Hence our current (and soon to be expanded) strategy:

1) Use older AMI’s which defaults to activating the instance’s disk (the one which is physically part of the machine)

2) Use the instance’s disk space for high I/O applications store (e.g. database) and replicate to another instance and backup — in our case everything, including the ‘hosts’ file — several times a day against an attached EBS volume. EBS volumes “are automatically replicated on the backend (in a single Availability Zone)“. However, as experience have shown us (annually it now seems), this is not enough so…

3) Use S3 snapshots to backup the EBS volume in item 2. This way you have a third backup Snapshots are “automatically replicated across multiple Availability Zones” which means you’ll have a copy of your backups in different data centers within one region.

On a typical day, the AWS support forums are full of benign questions and a lot of pleading (since majority of users do not pay for Premium Support — the one that comes with a phone number to call — many end up posting requests in the forums in the hopes that an AWS engineer will pick their request and do something about it, us lot can be pathetic really). Well not today, there seems to be an Amazonian revolution in the offing with some calling for a class-action and others throwing in the towel. Here’s a favorite:

Farewell EC2, Farewell
Posted by: pixspree

Posted on: Apr 22, 2011 1:40 PM

Farewell EC2,

I am honestly going to miss you. You were my first and only time in the cloud. You were so experienced, and I was so… fresh. We had some great times. I remember that one time when we stayed up all night learning how to create AMI’s. We had so much fun launching and terminating, except for that one time when the accidental termination policy wasn’t set. Man that really sucked. I know you didnt mean it, just like now I know you didn’t mean to walk out on me for almost 2 days, but you gotta understand. I have needs. I need to get back in the cloud and I need support. You know the kind where it’s included in the overpriced retail cost. The kind where I can call up a support agent intead of begging Luke to stop my instance in the forums. I know Luke probably has a bigger keyboard then me, but that’s not the point. The point is that I thought we had a connection. Like a real port 21 connection. I guess I should have gotten the picture when you first refused my connection two nights ago in the wee hours of the morning. I thought it was just because I was drunk but it turns out I was wrong. I guess you just aren’t interested in me anymore… And that’s ok. It’s my time to move on. I hope you don’t forget me, because I won’t forget you and your cute little EBS volumes that I loved to attach and detatch.

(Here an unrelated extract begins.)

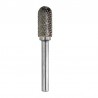 Freza cilindrica cu cap rotund cross-cut Millo Renfert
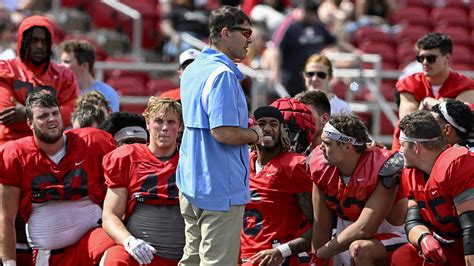 Everything Jamey Chadwell said following Spring Game | A Sea of Red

Farewell EC2, We had a good go. I’m switching DNS.

P.S. I want my Jovi records back.

It would be interesting to know what really happened this time, and what AWS will do to soothe our collective ‘apprehensions’ and regain our lost — or at least degraded — confidence. They can start by immediately dropping prices across the board (to stop the migration out of AWS or at halt of expansion using AWS services — I already know we’ll do the latter) as we don’t really know (nor care) what they will be doing to make sure this so called network event does not happen again, because we already know.. it will.

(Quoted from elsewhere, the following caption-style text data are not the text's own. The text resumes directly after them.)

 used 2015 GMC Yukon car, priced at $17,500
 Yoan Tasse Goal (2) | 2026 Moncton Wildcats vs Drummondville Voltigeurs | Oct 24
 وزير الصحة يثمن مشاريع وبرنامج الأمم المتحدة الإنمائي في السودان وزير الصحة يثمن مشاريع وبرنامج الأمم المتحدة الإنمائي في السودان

Major AWS Outage in US-EAST 24 hours and counting…

In Cloud Computing, Networking on April 22, 2011 at 5:22 pm

Since about 1AM PDT AWS US-East’s EBS service has been down. It’s been 24 hours now and many people are getting mighty antsy about this disaster, which according to their status site is caused by “networking event early this morning triggered a large amount of re-mirroring of EBS volumes in US-EAST-1. This re-mirroring created a shortage of capacity in one of the US-EAST-1 Availability Zones, which impacted new EBS volume creation as well as the pace with which we could re-mirror and recover affected EBS volumes.“. The irony is, the automated backup activity is bringing down the entire EBS infrastructure and EC2 (those instances that depend on EBS anyway — which most probably do) in the availability zone.

As for my servers, they seem to be ok in US-WEST.